The fruit to produce the Montagny 1er Cru “Les Maroques” Domaine Stéphane Aladame was hand-picked, whole bunch pressed, and the must was allowed to settle before fermentation with indigenous yeasts took place in 100% old French oak barrels. The must underwent full malolactic fermentation and the wine was matured for 12 months before bottling.
Despite the fact that the name ‘Les Maroques’ is derived from the ancient French ‘marais’, which means ‘swamp’, this east facing single parcel of Montagny 1er Cru is situated at 300 to 330 metres altitude. The vines are aged between 20 and 58 years old and are planted on well-hydrated clay-limestone soils, resulting in wines characterised by a marked minerality. The 3.5 hectares plot has been farmed organically since the early 2000s.
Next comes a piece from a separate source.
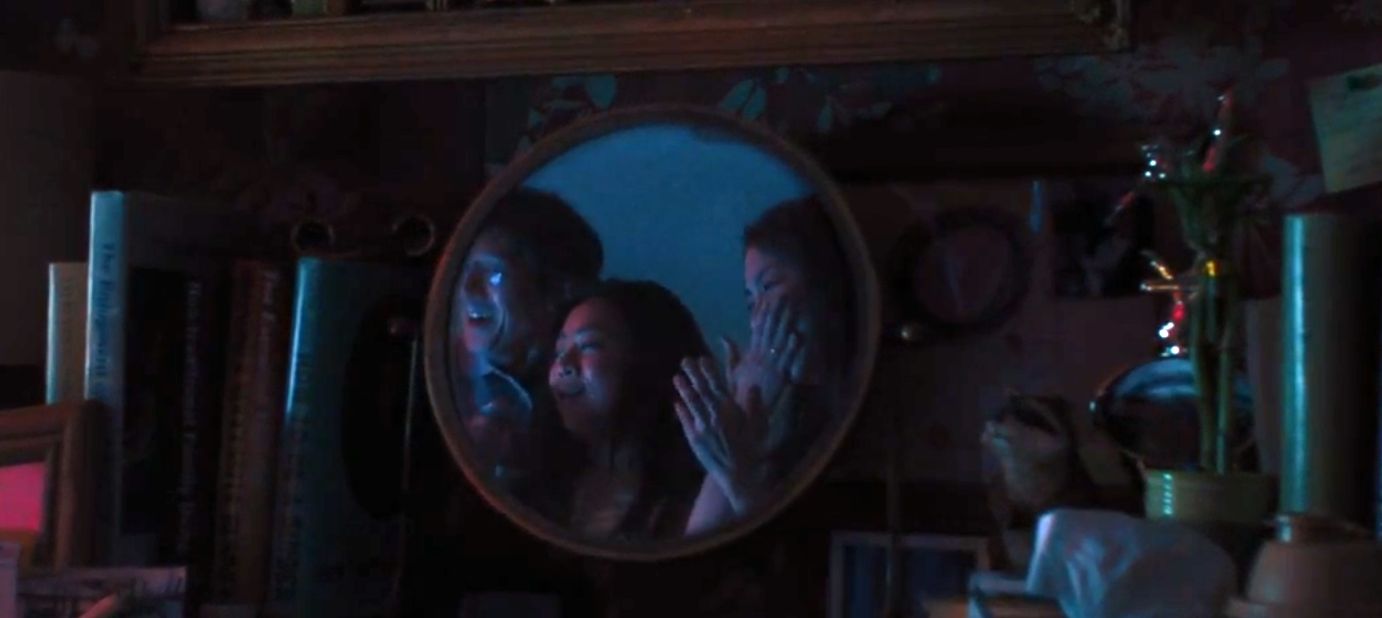 瞬息全宇宙——美国亚裔版的你好，李焕英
Stéphane Aladame’s organic estate in Montagny is one of the stars of the Côte Chalonnaise. Stéphane began from scratch in 1992, at the age of 18 and has since earned an outstanding reputation thanks to his commitment, almost exclusively, to Premier Cru vineyards. Today, his bottles grace the tables of Michelin-starred restaurants throughout France and abroad. Stéphane’s eight hectares are all farmed organically and harvested by hand, unlike the majority of Montagny’s vineyards which are dominated by cooperatives. Stéphane vinifies each vineyard separately in a small cellar under his house. The wines all display a serious, crystalline precision and unmistakeable vibrancy, which Stéphane attributes to the high limestone content and shallow soils in Montagny; in effect much closer in profile to Chablis than to the Côte d’Or. The wines of Montagny can easily rival those from the more famous Côte de Beaune, which lies immediately to the north, and at considerably better prices.